I suspect everyone is right in this debate, given just the right view of time. The Earth is at the warmest part of the ice age cycle. The Earth is warming and that is being helped by human carbon burning. The Arctic Ocean is melting and when it is finally ice-free there will be enough humidity in the arctic to begin depositing snow. A new ice age will have begun.
Dan Aspenwall, Winthrop
Getting physicals
Dear Editor:
“Do you smoke?”
“No.”
“Why not?”
“Because it’s stupid” … “bad for you”… “gross.”
Welcome to school physicals at Liberty Bell High School.

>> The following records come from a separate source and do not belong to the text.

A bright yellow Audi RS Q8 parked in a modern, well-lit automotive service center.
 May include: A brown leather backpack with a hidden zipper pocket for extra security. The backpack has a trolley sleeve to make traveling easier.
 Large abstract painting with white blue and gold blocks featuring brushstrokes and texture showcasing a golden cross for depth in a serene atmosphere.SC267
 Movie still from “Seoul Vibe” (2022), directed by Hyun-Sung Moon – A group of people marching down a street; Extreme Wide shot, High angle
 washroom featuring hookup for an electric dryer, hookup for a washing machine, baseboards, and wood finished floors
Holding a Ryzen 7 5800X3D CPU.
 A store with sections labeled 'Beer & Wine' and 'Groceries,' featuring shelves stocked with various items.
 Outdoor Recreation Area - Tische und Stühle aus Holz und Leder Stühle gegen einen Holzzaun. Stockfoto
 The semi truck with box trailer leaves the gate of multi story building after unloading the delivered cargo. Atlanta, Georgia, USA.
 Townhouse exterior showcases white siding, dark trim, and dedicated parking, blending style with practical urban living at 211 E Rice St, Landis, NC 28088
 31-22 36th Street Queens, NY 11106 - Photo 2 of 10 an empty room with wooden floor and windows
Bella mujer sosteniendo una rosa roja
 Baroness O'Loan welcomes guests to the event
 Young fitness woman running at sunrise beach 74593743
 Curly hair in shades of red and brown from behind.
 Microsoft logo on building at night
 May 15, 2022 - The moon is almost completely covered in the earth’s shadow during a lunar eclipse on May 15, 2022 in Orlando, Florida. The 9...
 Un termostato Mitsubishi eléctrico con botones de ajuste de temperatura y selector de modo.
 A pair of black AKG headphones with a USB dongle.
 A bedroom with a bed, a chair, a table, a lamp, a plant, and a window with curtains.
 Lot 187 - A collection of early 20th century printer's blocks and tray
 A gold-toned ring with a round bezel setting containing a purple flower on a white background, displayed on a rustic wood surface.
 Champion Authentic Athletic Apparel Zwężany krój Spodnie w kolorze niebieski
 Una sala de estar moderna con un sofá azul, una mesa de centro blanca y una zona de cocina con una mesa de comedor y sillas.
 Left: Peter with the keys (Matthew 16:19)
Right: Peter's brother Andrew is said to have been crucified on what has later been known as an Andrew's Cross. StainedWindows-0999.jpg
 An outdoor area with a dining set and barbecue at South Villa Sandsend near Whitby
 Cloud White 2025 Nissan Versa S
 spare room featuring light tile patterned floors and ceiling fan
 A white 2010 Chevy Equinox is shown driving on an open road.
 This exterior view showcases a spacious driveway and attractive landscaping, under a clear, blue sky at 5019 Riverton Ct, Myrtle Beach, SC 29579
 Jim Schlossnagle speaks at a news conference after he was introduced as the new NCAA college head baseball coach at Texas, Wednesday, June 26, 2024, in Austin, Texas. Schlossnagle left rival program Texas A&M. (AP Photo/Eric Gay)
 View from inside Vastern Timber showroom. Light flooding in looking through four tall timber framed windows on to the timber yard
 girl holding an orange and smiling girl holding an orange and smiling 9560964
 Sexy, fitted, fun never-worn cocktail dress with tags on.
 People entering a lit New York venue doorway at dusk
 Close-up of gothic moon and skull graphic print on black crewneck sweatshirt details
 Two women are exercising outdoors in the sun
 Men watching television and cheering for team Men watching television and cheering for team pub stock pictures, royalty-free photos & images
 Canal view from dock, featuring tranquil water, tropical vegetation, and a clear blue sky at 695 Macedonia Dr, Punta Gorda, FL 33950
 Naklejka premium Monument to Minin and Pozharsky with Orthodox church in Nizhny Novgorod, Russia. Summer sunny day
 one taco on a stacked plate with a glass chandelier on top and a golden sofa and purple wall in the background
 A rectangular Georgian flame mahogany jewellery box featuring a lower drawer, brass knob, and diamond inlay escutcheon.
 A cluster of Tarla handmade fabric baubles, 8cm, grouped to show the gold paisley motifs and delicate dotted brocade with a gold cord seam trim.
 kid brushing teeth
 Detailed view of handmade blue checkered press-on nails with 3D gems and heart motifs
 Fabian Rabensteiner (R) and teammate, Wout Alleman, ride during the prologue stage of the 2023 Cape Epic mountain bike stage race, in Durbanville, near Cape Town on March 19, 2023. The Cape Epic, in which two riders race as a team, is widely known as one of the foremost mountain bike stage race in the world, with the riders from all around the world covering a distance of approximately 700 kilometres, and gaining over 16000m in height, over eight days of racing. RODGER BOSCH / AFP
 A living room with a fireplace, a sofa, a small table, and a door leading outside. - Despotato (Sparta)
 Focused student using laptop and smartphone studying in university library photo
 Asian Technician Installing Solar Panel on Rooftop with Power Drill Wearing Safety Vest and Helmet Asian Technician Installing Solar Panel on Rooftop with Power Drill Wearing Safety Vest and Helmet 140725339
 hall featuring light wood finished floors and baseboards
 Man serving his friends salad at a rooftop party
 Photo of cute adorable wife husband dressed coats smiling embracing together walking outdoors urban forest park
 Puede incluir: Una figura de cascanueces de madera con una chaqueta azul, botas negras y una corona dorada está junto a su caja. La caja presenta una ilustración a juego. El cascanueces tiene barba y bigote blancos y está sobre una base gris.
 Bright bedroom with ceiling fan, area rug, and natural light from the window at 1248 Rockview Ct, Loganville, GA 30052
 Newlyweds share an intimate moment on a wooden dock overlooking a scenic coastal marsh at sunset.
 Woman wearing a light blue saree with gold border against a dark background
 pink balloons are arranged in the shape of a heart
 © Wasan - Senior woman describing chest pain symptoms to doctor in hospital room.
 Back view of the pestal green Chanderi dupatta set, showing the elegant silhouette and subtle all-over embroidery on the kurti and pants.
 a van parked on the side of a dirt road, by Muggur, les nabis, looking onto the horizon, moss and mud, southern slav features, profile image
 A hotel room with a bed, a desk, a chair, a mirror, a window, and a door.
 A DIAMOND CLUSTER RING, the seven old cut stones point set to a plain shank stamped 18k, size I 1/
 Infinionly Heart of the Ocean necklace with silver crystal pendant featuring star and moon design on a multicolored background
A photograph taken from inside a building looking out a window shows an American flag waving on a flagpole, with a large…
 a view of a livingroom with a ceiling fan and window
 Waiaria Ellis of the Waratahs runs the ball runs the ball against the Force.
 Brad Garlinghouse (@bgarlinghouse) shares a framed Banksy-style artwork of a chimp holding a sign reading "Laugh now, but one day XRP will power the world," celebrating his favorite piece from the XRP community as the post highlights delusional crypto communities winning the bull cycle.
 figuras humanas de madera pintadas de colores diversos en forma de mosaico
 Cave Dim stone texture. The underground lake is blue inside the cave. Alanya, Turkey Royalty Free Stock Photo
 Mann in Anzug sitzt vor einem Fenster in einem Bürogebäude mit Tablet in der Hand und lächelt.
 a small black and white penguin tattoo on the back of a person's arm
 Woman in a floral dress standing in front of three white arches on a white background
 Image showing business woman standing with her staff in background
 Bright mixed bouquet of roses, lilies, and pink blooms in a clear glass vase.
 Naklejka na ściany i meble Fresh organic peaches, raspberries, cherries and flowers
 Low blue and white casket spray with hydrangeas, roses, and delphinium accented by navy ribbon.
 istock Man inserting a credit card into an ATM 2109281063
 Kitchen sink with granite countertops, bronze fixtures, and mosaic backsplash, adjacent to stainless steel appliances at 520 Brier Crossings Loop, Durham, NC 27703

Before the athletes step on the court or field, they must complete a mandatory health assessment and physical exam. This year, over two thirds of the high school athletes received free physicals, thanks to volunteer professionals: Dr. Mark Love, school nurse Laura Brumfield ARNP, Dr. Leesa Linck, and the support staff of Denise Kittleson RN, Beth Temple MA, Martha Grosenick RN, and the Wilson family.
Height, weight, blood pressure, heart, lungs, joints, alcohol, tobacco, mental health, eye screening with donated follow-up by Dr. Ugo Bartell – full physicals were provided and students had time to ask questions and explore their concerns. Thank you all.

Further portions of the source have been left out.